Python requirements installable by pip.

This target is useful when you want to declare Python requirements inline in a BUILD file. If you have a requirements.txt file already, you can instead use the macro python_requirements() to convert each requirement into a python_requirement_library() target automatically.

See https://www.pantsbuild.org/v2.4/docs/python-third-party-dependencies.

Backend: ``


requirements

Iterable[str]
required

A sequence of pip-style requirement strings, e.g. ['foo==1.8', 'bar<=3 ; python_version<'3'].

dependencies

Iterable[str] | None
default: None

Addresses to other targets that this target depends on, e.g. ['helloworld/subdir:lib'].

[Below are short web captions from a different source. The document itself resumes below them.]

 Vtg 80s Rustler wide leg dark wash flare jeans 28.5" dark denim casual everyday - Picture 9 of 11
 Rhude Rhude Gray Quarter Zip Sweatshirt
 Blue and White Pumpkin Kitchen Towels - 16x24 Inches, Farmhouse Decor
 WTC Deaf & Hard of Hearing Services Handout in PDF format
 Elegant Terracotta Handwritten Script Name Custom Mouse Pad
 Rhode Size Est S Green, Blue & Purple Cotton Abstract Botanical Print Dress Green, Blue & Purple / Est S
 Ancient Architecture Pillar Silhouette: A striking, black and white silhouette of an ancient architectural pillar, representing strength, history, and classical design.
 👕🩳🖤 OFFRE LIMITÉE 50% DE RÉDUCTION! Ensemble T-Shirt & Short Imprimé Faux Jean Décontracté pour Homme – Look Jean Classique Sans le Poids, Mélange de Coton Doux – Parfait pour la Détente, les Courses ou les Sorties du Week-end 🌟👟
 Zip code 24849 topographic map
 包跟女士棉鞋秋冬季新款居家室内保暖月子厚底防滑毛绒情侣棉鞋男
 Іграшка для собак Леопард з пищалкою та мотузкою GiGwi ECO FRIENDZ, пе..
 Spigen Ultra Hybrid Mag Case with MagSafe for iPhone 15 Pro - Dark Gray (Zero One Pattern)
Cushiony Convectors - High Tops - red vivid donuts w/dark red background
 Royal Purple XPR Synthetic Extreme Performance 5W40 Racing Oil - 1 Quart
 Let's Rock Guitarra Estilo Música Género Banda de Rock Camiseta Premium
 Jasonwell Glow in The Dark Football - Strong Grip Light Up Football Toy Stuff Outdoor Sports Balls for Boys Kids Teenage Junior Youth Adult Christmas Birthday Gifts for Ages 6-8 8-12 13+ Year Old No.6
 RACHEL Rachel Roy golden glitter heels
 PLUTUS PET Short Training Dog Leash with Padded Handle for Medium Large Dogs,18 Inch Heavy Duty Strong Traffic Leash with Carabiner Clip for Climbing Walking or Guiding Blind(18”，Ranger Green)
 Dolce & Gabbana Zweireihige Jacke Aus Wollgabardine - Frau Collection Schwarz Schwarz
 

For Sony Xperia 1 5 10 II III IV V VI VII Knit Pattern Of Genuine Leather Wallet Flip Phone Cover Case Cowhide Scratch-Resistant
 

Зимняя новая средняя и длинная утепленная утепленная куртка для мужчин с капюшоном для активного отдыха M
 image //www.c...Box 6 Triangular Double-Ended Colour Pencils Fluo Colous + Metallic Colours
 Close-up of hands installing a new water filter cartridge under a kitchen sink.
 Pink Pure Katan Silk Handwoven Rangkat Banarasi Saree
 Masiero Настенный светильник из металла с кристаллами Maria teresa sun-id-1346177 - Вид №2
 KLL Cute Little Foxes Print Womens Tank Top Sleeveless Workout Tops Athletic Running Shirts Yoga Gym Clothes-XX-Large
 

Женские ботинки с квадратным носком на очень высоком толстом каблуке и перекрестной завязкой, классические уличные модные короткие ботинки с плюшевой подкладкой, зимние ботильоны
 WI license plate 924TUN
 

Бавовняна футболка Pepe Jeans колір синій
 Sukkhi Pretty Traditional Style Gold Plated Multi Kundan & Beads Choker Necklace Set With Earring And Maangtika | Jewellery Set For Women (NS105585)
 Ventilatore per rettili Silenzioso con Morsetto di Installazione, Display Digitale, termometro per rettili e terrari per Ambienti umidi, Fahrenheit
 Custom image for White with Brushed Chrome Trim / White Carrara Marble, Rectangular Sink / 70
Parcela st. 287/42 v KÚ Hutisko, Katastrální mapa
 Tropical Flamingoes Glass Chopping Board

Alternatively, you may include file names. Pants will find which target owns that file, and create a new target from that which only includes the file in its sources field. For files relative to the current BUILD file, prefix with ./; otherwise, put the full path, e.g. ['./sibling.txt', 'resources/demo.json'].

You may exclude dependencies by prefixing with !, e.g. ['!helloworld/subdir:lib', '!./sibling.txt']. Ignores are intended for false positives with dependency inference; otherwise, simply leave off the dependency from the BUILD file.

description

str | None
default: None

A human-readable description of the target.

Use ./pants list --documented :: to see all targets with descriptions.

module_mapping

Dict[str, Iterable[str]] | None
default: None

A mapping of requirement names to a list of the modules they provide.

For example, {"ansicolors": ["colors"]}. Any unspecified requirements will use the requirement name as the default module, e.g. "Django" will default to ["django"].

This is used for Pants to be able to infer dependencies in BUILD files.

tags

Iterable[str] | None
default: None

Arbitrary strings to describe a target.

For example, you may tag some test targets with 'integration_test' so that you could run ./pants --tag='integration_test' test :: to only run on targets with that tag.